## REQUIREMENT
Having located the line with "broodmare Belinda (German Riding Pony, 2010)", repeat it and all remaining lines of the records exactly. Pictures do not belong in the answer.
Start of DATA TO USE
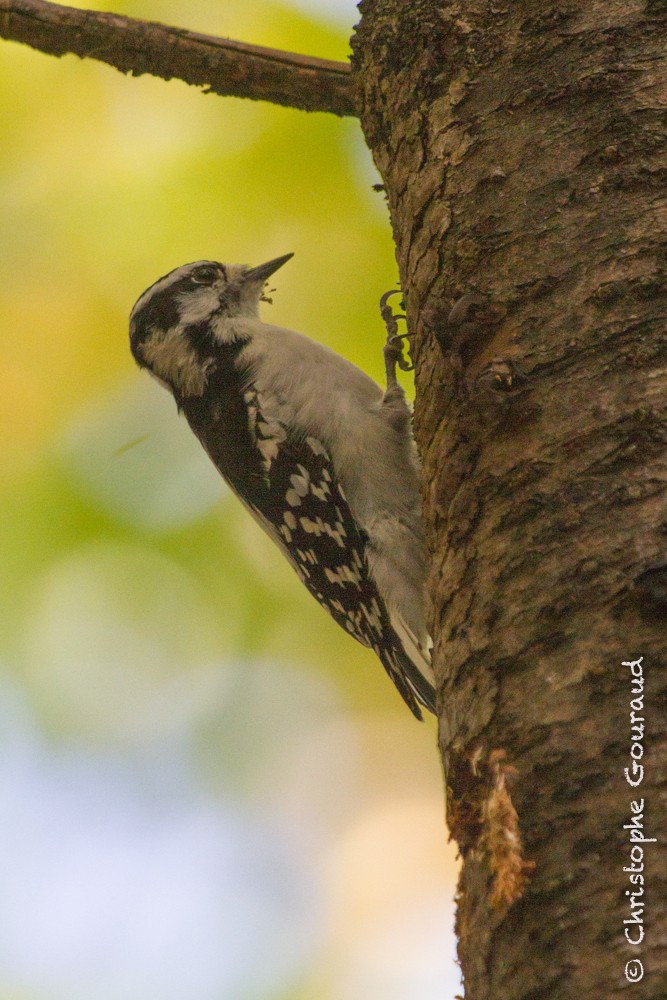 Downy Woodpecker (Eastern) - ML205176981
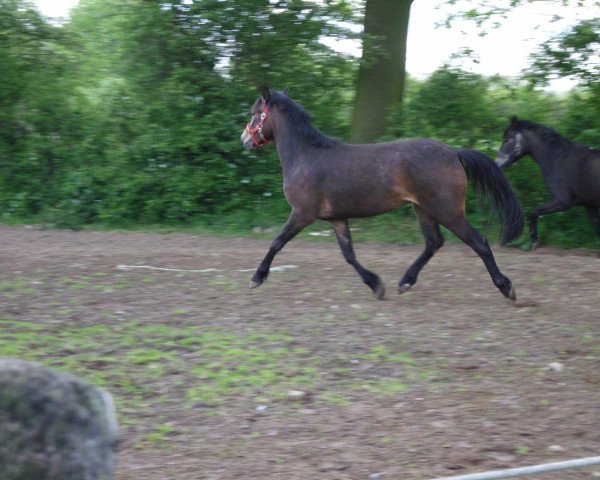 broodmare Belinda (German Riding Pony, 2010)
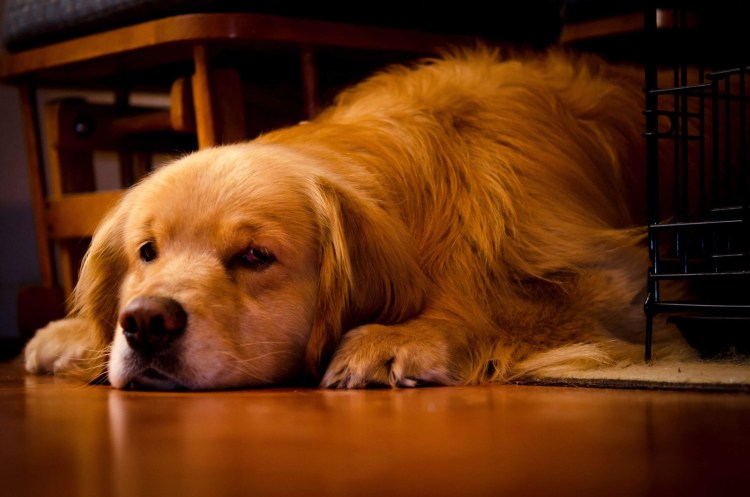 Золотистый ретривер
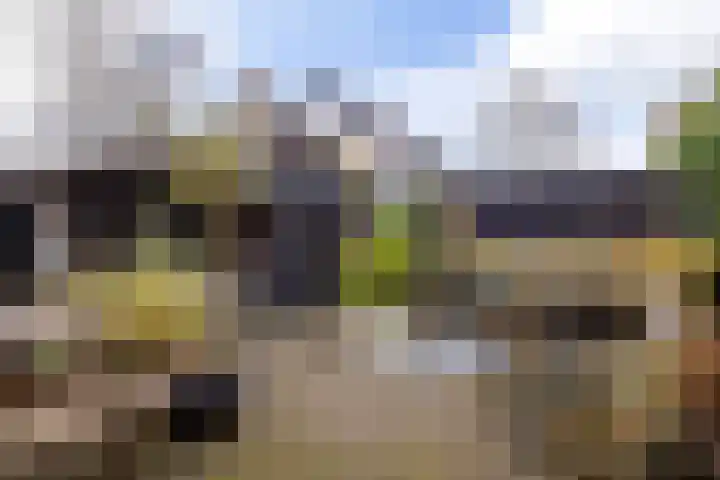 Moezel 69 Drachten thumbnail 30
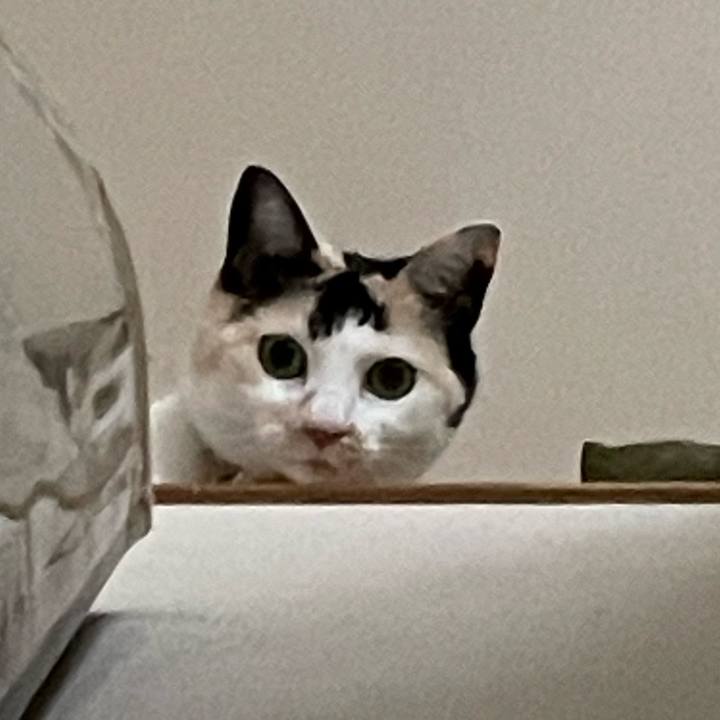 52ad0fea 0c97 4c85 8b9b 0335567d3edf 1746062831835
End of DATA TO USE
## SOLUTION TO THIS PROBLEM
 broodmare Belinda (German Riding Pony, 2010)
 Золотистый ретривер
 Moezel 69 Drachten thumbnail 30
 52ad0fea 0c97 4c85 8b9b 0335567d3edf 1746062831835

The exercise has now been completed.